Your answer should be the line containing "Used Youth CCM Tacks 9040 Shin Pads" and every line after it to the end of the records below, word for word.

════════════════

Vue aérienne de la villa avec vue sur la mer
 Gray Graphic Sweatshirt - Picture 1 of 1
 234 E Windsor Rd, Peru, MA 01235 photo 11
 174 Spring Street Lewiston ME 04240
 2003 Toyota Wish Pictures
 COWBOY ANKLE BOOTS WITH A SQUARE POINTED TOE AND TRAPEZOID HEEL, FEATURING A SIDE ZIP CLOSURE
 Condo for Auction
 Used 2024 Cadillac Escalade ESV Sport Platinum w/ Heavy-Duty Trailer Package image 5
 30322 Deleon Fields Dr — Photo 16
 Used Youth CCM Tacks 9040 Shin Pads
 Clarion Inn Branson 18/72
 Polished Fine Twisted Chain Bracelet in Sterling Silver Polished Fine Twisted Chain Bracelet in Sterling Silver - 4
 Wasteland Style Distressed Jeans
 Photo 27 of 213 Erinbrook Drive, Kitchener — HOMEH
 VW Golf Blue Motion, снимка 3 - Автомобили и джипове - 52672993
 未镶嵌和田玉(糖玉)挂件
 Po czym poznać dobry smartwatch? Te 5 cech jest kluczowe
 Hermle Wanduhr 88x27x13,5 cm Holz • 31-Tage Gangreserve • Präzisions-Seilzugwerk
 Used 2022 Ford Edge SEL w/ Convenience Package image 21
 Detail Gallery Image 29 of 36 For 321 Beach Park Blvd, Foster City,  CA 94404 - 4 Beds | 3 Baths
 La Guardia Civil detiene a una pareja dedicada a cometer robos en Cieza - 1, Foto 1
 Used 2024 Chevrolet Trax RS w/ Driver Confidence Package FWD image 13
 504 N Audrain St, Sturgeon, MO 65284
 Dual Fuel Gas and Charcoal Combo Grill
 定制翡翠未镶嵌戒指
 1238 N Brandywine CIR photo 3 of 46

════════════════

▸ EXPECTED ANSWER
 Used Youth CCM Tacks 9040 Shin Pads
 Clarion Inn Branson 18/72
 Polished Fine Twisted Chain Bracelet in Sterling Silver Polished Fine Twisted Chain Bracelet in Sterling Silver - 4
 Wasteland Style Distressed Jeans
 Photo 27 of 213 Erinbrook Drive, Kitchener — HOMEH
 VW Golf Blue Motion, снимка 3 - Автомобили и джипове - 52672993
 未镶嵌和田玉(糖玉)挂件
 Po czym poznać dobry smartwatch? Te 5 cech jest kluczowe
 Hermle Wanduhr 88x27x13,5 cm Holz • 31-Tage Gangreserve • Präzisions-Seilzugwerk
 Used 2022 Ford Edge SEL w/ Convenience Package image 21
 Detail Gallery Image 29 of 36 For 321 Beach Park Blvd, Foster City,  CA 94404 - 4 Beds | 3 Baths
 La Guardia Civil detiene a una pareja dedicada a cometer robos en Cieza - 1, Foto 1
 Used 2024 Chevrolet Trax RS w/ Driver Confidence Package FWD image 13
 504 N Audrain St, Sturgeon, MO 65284
 Dual Fuel Gas and Charcoal Combo Grill
 定制翡翠未镶嵌戒指
 1238 N Brandywine CIR photo 3 of 46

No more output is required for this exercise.